La ciudad de Nueva York despidió hoy a uno de sus héroes locales, el policía Steven McDonald, que falleció esta semana después de haber pasado los últimos treinta años en una silla de ruedas víctima de un tiroteo en Central Park.

McDonald, que tenía 59 años, murió el martes en un hospital de Long Island tras sufrir un ataque cardiaco y los funerales en su memoria se celebraron hoy en la catedral de San Patricio, en el centro de Manhattan.

Al acto religioso asistieron miles de personas, entre policías, amigos y familiares del agente fallecido, así como el alcalde de la ciudad, Bill de Blasio; el jefe del departamento de Policía, James O'Neill, y su antecesor en el cargo, Raymond Kelly.

"Sentimos pena y dicha por haberle conocido, porque gracias a él aprendimos a vivir mejor. Nos enseñó que el trabajo de los policías está basado en el amor y la compasión", dijo el alcalde De Blasio durante el funeral.

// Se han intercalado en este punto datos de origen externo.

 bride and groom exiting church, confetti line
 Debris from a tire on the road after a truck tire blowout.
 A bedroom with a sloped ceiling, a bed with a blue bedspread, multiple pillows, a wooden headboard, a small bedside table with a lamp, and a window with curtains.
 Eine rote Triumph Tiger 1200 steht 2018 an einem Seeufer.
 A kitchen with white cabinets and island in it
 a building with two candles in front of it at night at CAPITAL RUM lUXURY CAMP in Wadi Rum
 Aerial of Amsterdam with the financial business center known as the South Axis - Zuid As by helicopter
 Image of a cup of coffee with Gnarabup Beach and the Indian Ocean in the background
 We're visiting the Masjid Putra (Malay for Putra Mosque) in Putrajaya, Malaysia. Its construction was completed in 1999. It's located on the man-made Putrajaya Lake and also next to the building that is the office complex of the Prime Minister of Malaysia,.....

Por su parte, O'Neill recordó que el agente fallecido era el vivo ejemplo de por qué mucha gente quiere convertirse en policía y dijo que a pesar de que tenía que usar un ventilador, "su voz siempre sonaba fuerte, al igual que su mensaje".

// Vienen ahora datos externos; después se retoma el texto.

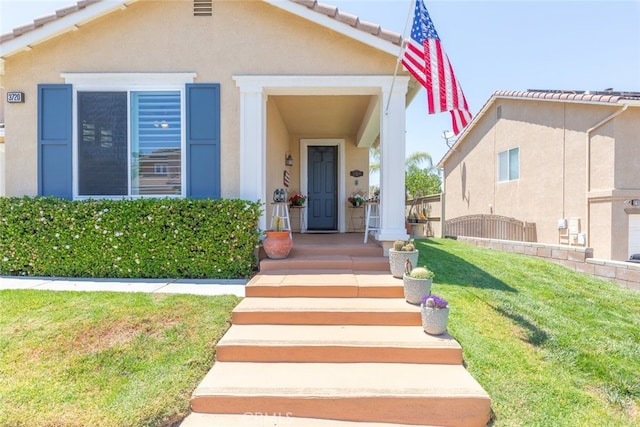 3720 Gunnison Cir, Corona, CA 92881 - view of front facade with stucco siding, a front yard, and a tiled roof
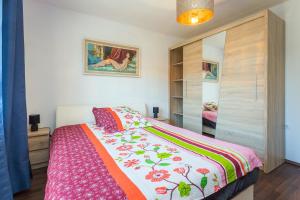 普拉的住宿－Sunny apartment ILI near Amfiteatar，一间卧室配有一张带彩色毯子的床
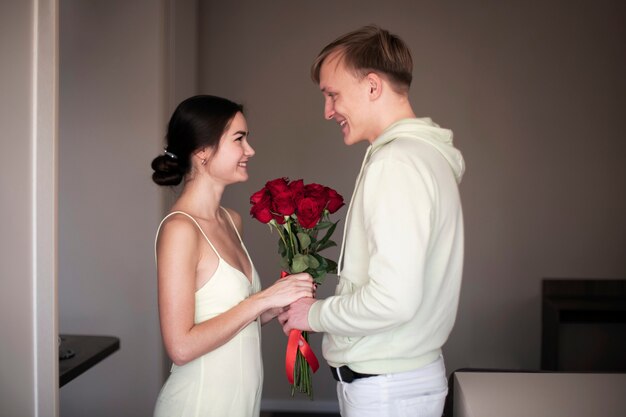 Романтическая пара празднует день святого валентина с букетом красных роз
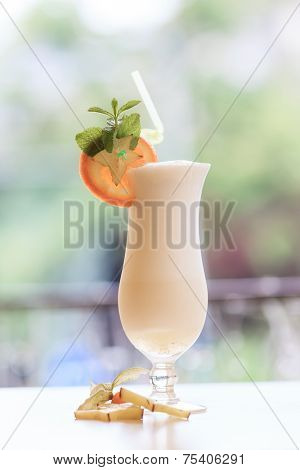 Milk cocktail with orange and carom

El agente se había ganado el corazón de los neoyorquinos en los años ochenta, cuando a sus 29 años recibió un disparo a quemarropa de un adolescente de 15 años en Central Park que le dejó tetrapléjico.

El autor de los disparos, Shavad Jones, terminó pasando casi diez años en la cárcel, pero el policía decidió establecer una relación de correspondencia con el joven, al que llegó a perdonar públicamente por lo ocurrido.

El ataque a McDonald tuvo lugar en los convulsos años ochenta, cuando en la ciudad de Nueva York morían cada año más de 1.500 personas víctimas de disparos, frente a los 335 casos reportados el pasado año por la Policía.